My main aims would be to assess noise levels, accuracy, ease of use, velocity and point of impact.

The Jet-Z was an absolute breeze to install. Simply unscrew the thread protector on the barrel and screw on the moderator to hand tight.
There are a couple of down sides to all moderators. They get very hot. Like hot enough to fry bacon on. Don’t be that guy who grabs it with your bare hand after your done shooting. Let it cool first.
The heat from a moderator causes mirage in the scope picture. This can be severe in still weather. A little sidewind help as it tends to blow it away from the sight picture. One way around both the burnt hands and mirage is to buy a mirage cover. These are a sheet of heat resistant material which fits around the moderator. Ase produce covers for the Jet-Z range. I did not use a cover. It was a still, cold day so mirage was intense at points but died down quickly if I waited 20-30 seconds. This phenomenon occurs with all moderators and supressors. If you control those hot gasses then you will pick a little heat up along the way.
After shooting had finished I left the Jet-z in place for around 2 minutes before removing it with a gloved hand. It was warm and on such a cold day proved a welcome edition to my frozen fingers.
One of the most welcome side effects of sound moderation is recoil reduction. Although the .260rem recoil is manageable unmoderated, the Jet-Z makes a noticeable difference. Recoil is down to .223 type levels which allows the shooter to stay on target for follow up shots and spot shots landing wide of the mark. I was very impressed as this is the kind of reduction one expects from a muzzle brake without the muzzle brake problems (venting hot gasses at your neighbouring shooters!).

Sound levels.

A video posted by GunsandZen (@gunsandzen) on

The first shot you here is the 6.5×55 next to me.
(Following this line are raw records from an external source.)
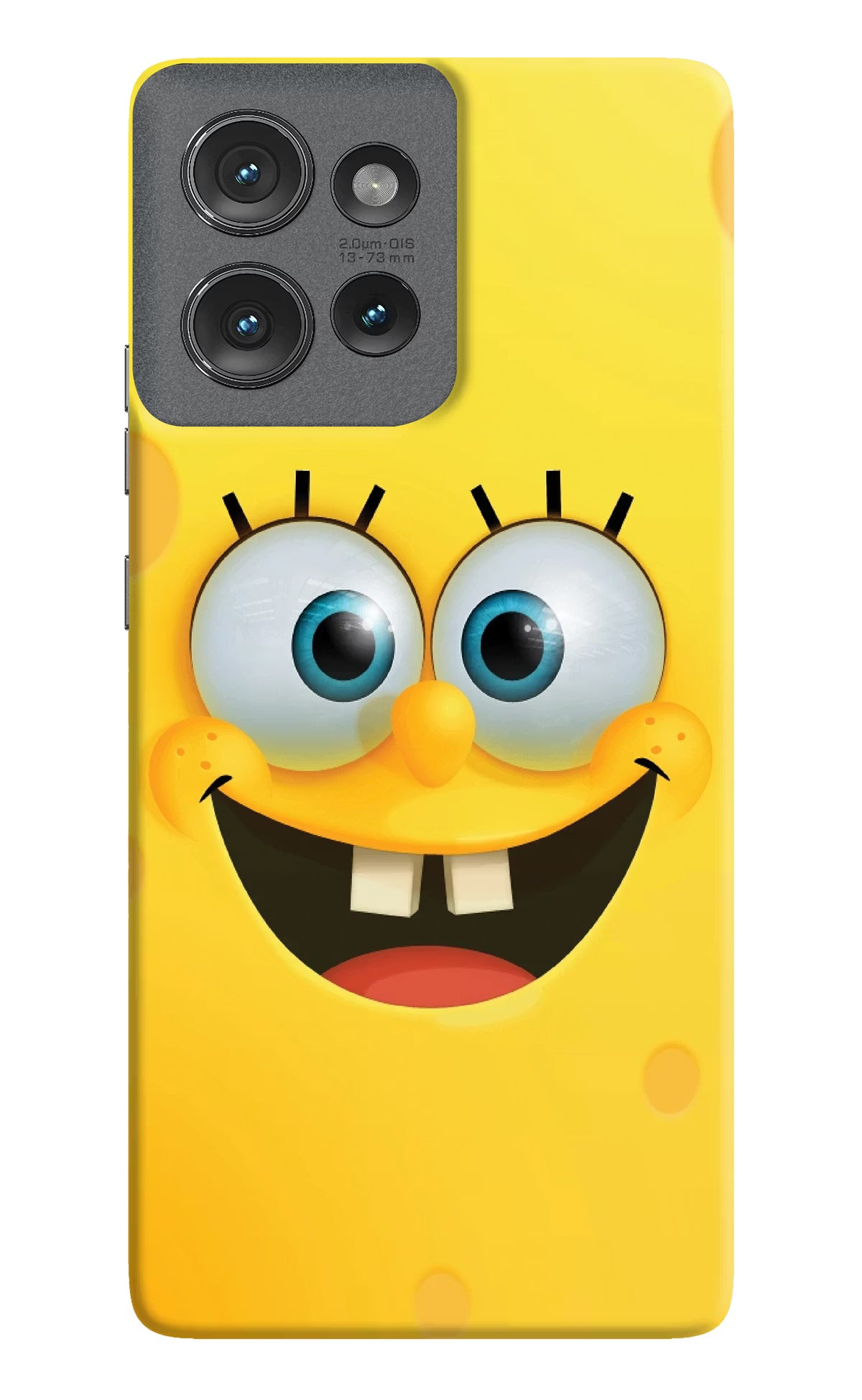 Sponge 1 Moto Edge 50 Hard Case Back Cover by Casekaro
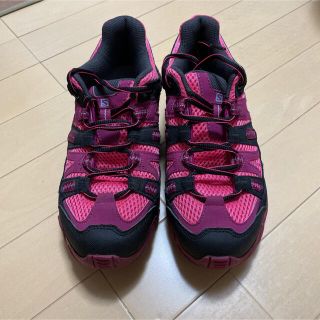 サロモン(SALOMON)のトレッキングシューズ 登山靴　ハイキング　サロモン　24.5(スニーカー)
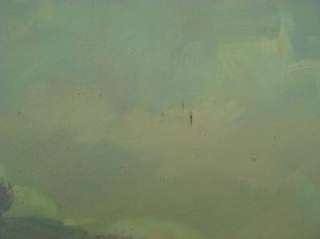 Novak / Nanak Signed Huge Landscape Oil Painting Art  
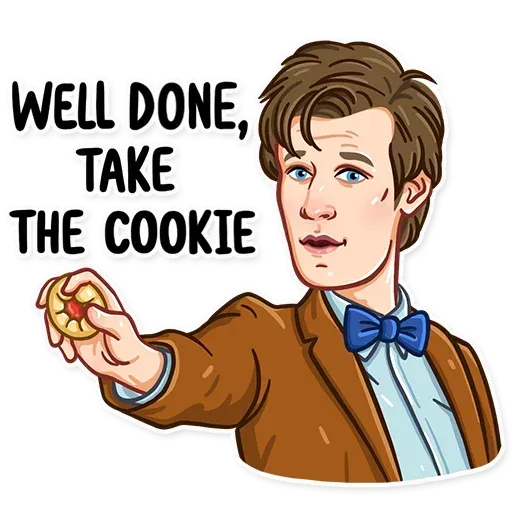 Doctor Who - Sticker 8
The second is the moderated .260rem.

I set up an app on a tablet to measure decibel readings which unfortunately gave erroneous data. The reading suggested a difference of around 30db which I would think is about right. The readings themselves were both lower than I would expect which caused me to abandon the app completely.
I can only give personal opinion here but I will say I was massively impressed. I had heard people suggest that the .260rem is a “hard gun” to suppress. I found the Jet-Z compact turned a deafening bang into a clap. I wore the muffs only and it quickly became apparent the moderated rifle was well below the pain/danger threshold. It would have been comfortable to shoot with no hearing protection although I would never recommend that.
In short the addition of the Jet-Z compact made a huge difference in noise reduction – excellent. Bear in mind this was the .30cal version which is not perfectly suited to the .260rem but is rated by Ase as being acceptable regards noise reduction.

Velocity/Accuracy/POI shift.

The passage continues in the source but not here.